I like The Women the first time I saw it when it was called The First Wives Club. But seriously, I really have to congratulate writer/director Diane English for making a remake of one movie feel like a remake of an entirely different movie. As for this film, I vaguely remember it passing me by last fall in the midst of several other films that had my attention. I also remember that this film is one of the more famous former residents of Development Hell, with remakes previously proposed as early as the 70s with Jane Fonda, Barbra Streisand, and Faye Dunaway starring.
This Women stars Meg Ryan, Annette Bening, Debra Messing and Jada Pinkett-Smith as four friends balancing their busy careers and busier lives in modern New York. The focus though is on Ryan’s character Mary Haines; a fashion designer with a philandering husband engaged in an affair with the perfume girl at Saks Fifth Avenue (played by Eva Mendes). Bening’s character, Sylvia Fowler, is Mary’s best friend, and initially tries to hide this juicy gossip from her BFF until her source, a manicurist at Saks (Debi Mazar, good to see her get some work) lets it slip to Mary. (Which begs the question, does this woman just tell everyone the same bit of gossip?)
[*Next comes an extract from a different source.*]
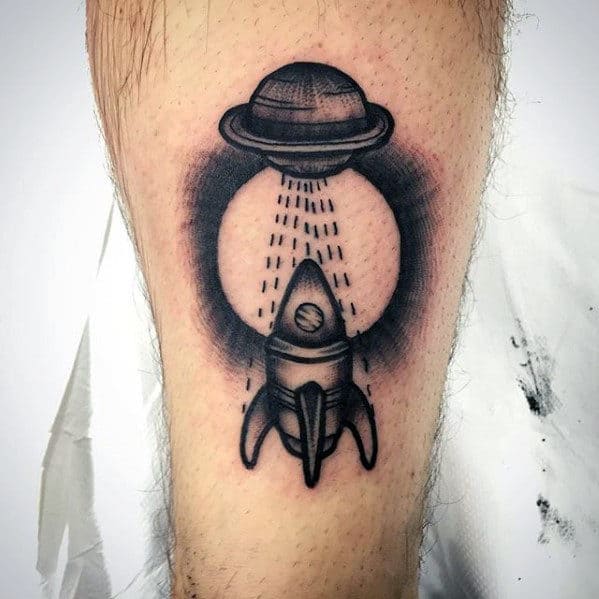 Mens Planet With Rocket Ship Back Of Leg Tattoo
Much of the film is about how Mary copes with the news that her husband, the never-seen Steven, has been unfaithful to her, and how she copes after she kicks him out of her life and serves him with notice of divorce. It seems oddly incongruent that a smart, independent and accomplished modern woman would mope in her PJs after firing her cheating husband, but that’s what the script does in order to launch an apparent journey of self-re-discovery for Mary. In fact, there are a lot of mixed messages in this film is supposed to summarily come to the conclusion that the question shouldn’t be “can you have it all,” but rather “do you really want it all to begin with?”
The main point of interest in the screenplay though is the fact that it’s devoid of male characters, and instead either talks around them, or doesn’t show them at all. It’s an interesting idea, but interesting ideas should become part of the story and not stick out like a sore thumb. And the way English gets around it, with one-sided telephone conversations and characters talking about overhearing things, the lack of males really draws attention to itself. Sometimes you can get into to it, but other times it feels like a scene’s been re-cut or taken out, leaving a hole in the dramatics. It feels kind of theatrical, as if the idea would work on stage, but in the film gimmickry’s hard to feel natural.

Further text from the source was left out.